Now, Mozilla has circulated an email to developers laying out the three ways the company plans to restore Firefox's popularity. The first centers around incomplete functionality in the application -- any feature that doesn't work as intended at present will either be completed, or abandoned and removed altogether.
The second is being referred to as "Best of the Web," and represents a renewed focus on working with the Firefox community and other third parties. A partnership with Telefonica is a major element of this effort, according to a report from Ars Technica.
The final tenet of Mozilla's three-pillar plan will focus on what brought users to Firefox in the first place. An overhaul of the program's private browsing functionality will be the first manifestation of this research, and should be distributed via an update sooner rather than later, according to Director of Engineering Dave Camp.

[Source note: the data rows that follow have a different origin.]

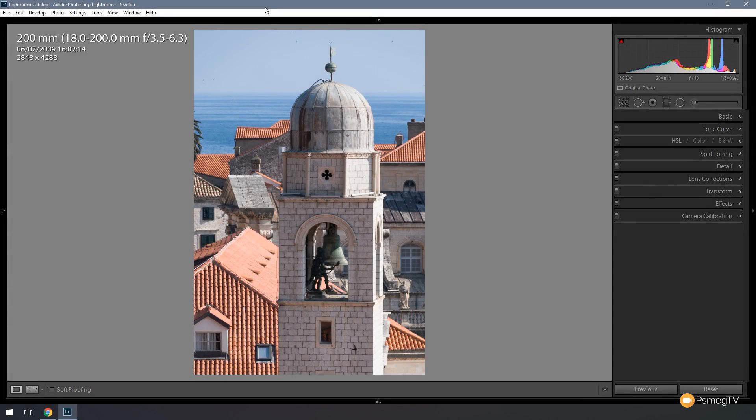Hi and welcome to Peacemag TV. In today's Lightroom tutorial, we're going to take a look at how we can make punchy black and white images by using six sliders and nothing more. We're going to use the image in front of us as the basis, and I'm going to run through exactly how we do this and how quick and easy it is to get eye-catching, punchy, very high contrast black and white images.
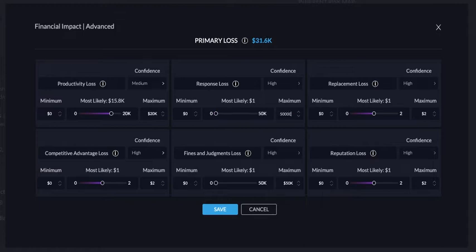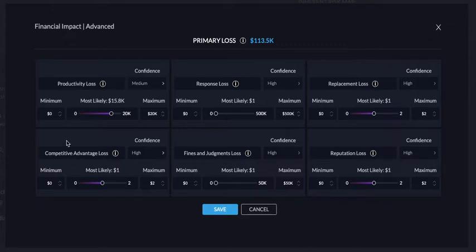As you do that, it will attribute the primary loss number. And once you are done calculating all these different factors, you'll get a total primary loss number to attach to various assets and items, including risks in our risk register.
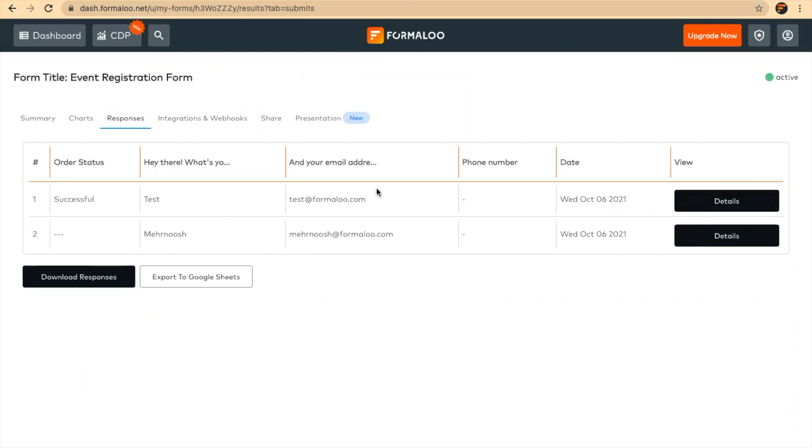I hope it was helpful for you. It was this simple to create a registration form, and everything was created for you in the templates. I hope you enjoyed it. If you have any questions, just comment down below. Hope you have a great event! Thank you very much!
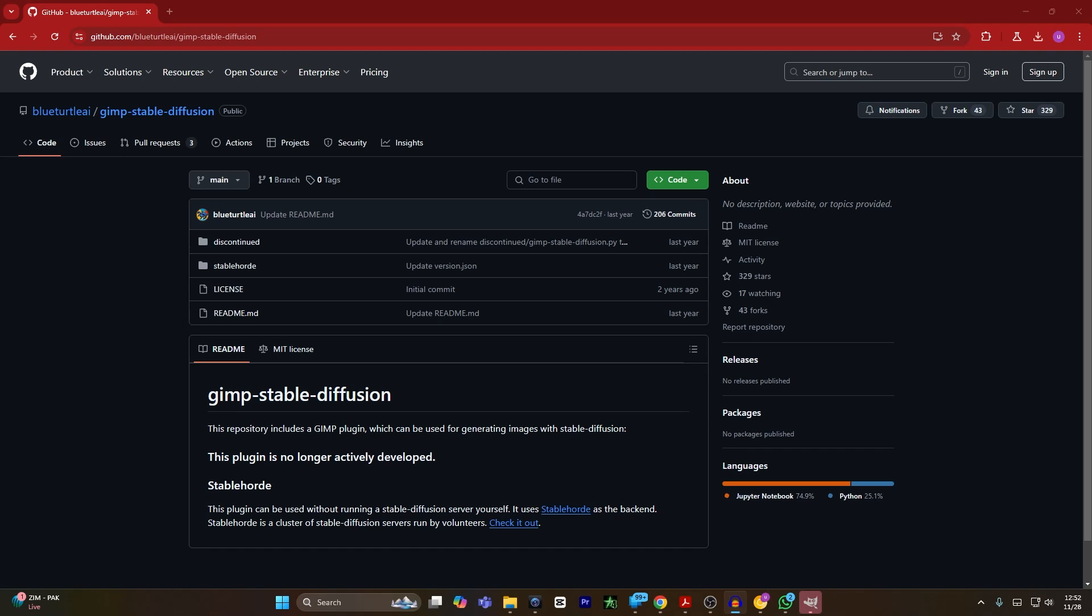Hey guys, today I'm going to show you how to add Stable Diffusion AI plugin into GIMP. First of all, you have to go to GitHub, or you can type Stable Diffusion GIMP on Google search engine and click on this GitHub page.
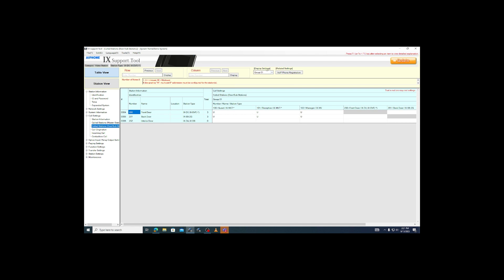You can see in the top corner that it will automatically drop us into call group 01, which is the default group that most stations will use. The table is laid out with the door and substations in the rows to the left, with each column representing a different station. You'll notice that there are columns for master stations, but also for door and substations.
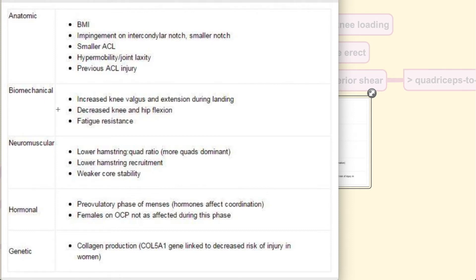Biomechanically, there is an increase in knee valgus during loading. From a neuromuscular aspect, there is also a lower hamstring-to-quads ratio — in other words, the quads are more dominant. On the hormonal side, hormones change every week and every month, affecting coordination. And genetically, collagen production is also slightly different.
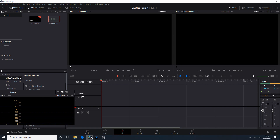Hello and welcome back to the channel. In this video I'm going to show you how you can use your 10-bit 422 footage from the Panasonic Lumix G9 in the free version of DaVinci Resolve.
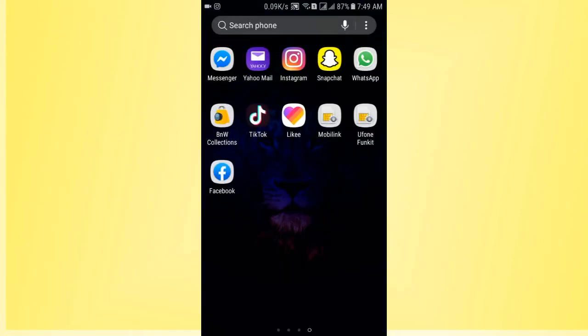First of all, open the Snapchat app that we have installed. So if you want to delete all the snaps on Snapchat...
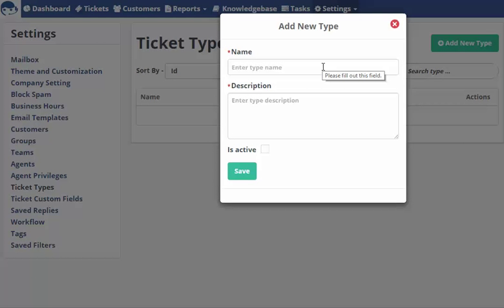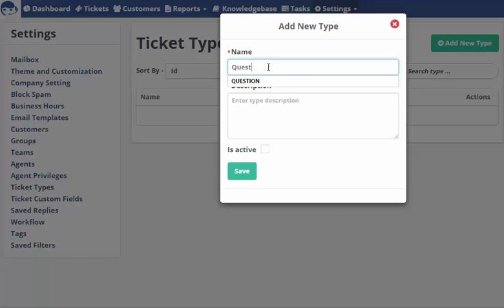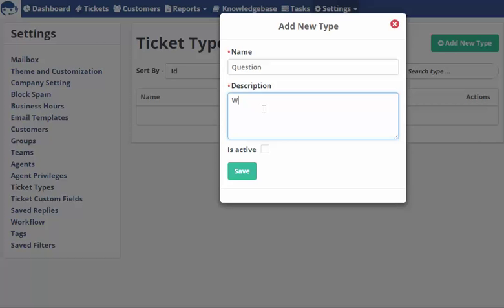Where you have to fill two mandatory fields: the name of your ticket type and description. Let's say the name of my ticket type is Question. You have to provide a description for your question. Let's say you're asking, what is email piping?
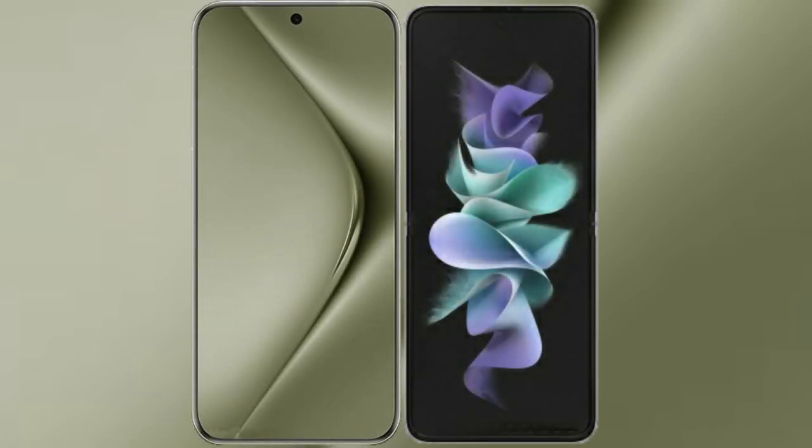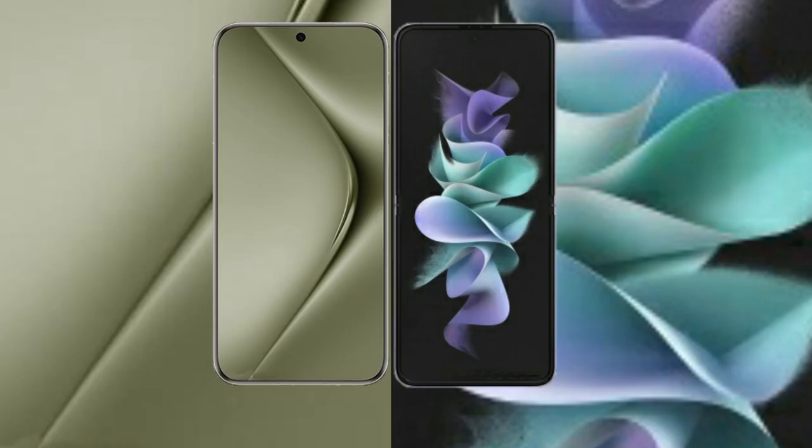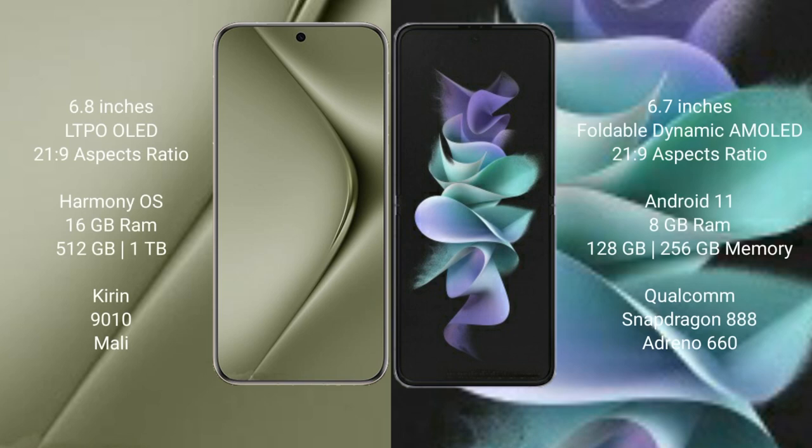I will compare the new Wahabepura 70 Ultra with the Samsung Galaxy Z Flip 3. The Wahabepura 70 Ultra comes with a 6.8-inch LTPO AMOLED display and an aspect ratio of 21:9. The Samsung Galaxy Z Flip 3 comes with a 6.7-inch foldable Dynamic AMOLED display and an aspect ratio of 21:9.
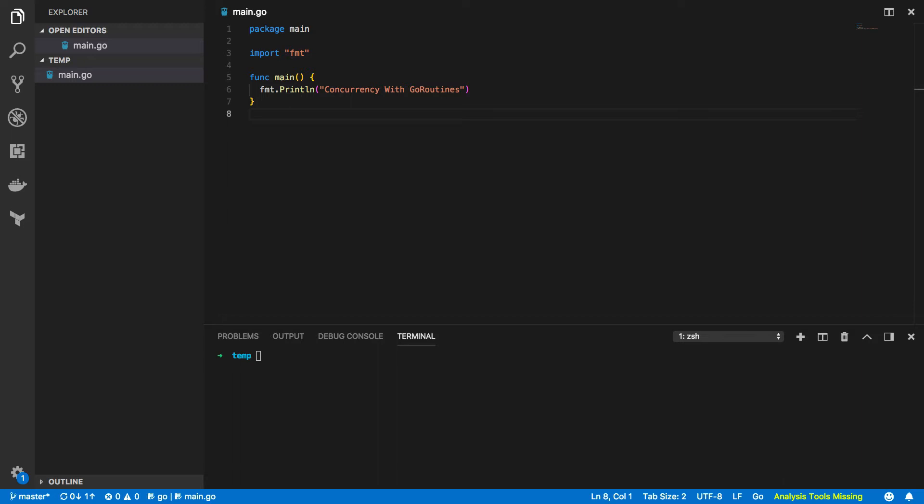Now Go routines are typically multiplexed onto a very small number of OS threads which typically mean concurrent Go programs require far less resources in order to provide the same level of performance as languages such as Java. Creating a thousand Go routines would typically require one or two OS threads at most whereas if we were to do the same thing in Java we would require a thousand full threads each taking a minimum of one megabyte of heap space.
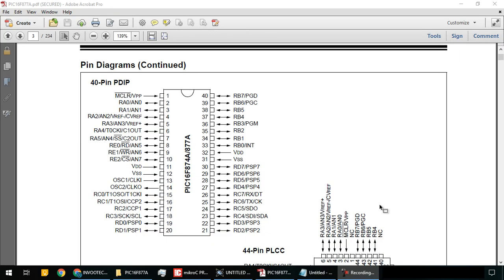Hello guys, we are back with another series on PIC microcontrollers. In this series, we will learn coding using Micro C and simulation on Proteus, as well as hardware working. We will begin with the PIC 16F877A microcontroller.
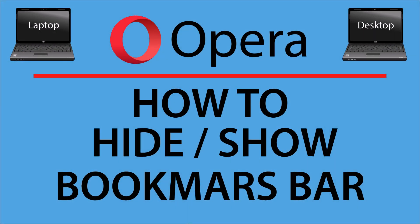This is going to be a video tutorial on how to hide or show the bookmarks bar in the Opera web browser. I will be using a desktop PC for this. Let me jump over to my browser here.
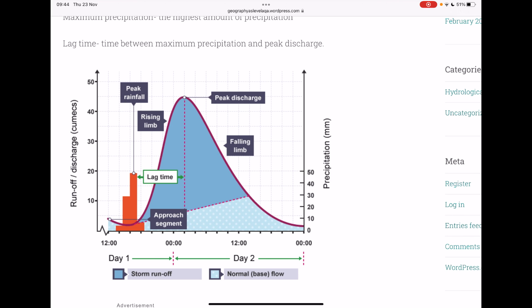There are two types of flow shown on a storm hydrograph. First, the base flow, which is the normal discharge of the river — shown in the baby blue section. Then there's the storm flow, which is the extra discharge of a river resulting from a storm, showing a huge increase in discharge in line with heavy precipitation. We can also clearly see the lag time — the difference between peak rainfall and peak discharge on the graph.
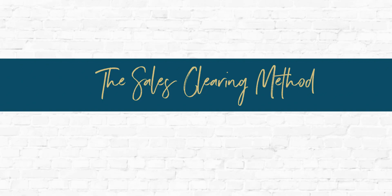Hey there, so if you've been on any of our live calls, you have probably heard me reference the sales clearing method a time or two.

It's also been announced that Firefox will soon phase out its usage of XUL and XBL, although it's not clear what they will be replaced with. HTML5 would seem like the most appropriate choice given the current state of the Web, but no official word has been given thus far.
These changes certainly seem like a step in the right direction, but it remains to be seen just how much can be done for Firefox. The browser wars continue to rage, and it's very difficult for a program to restore its former glory, even with the best intentions -- for evidence of that, just look at the lengths Microsoft has gone to distance Edge from the much-maligned Internet Explorer.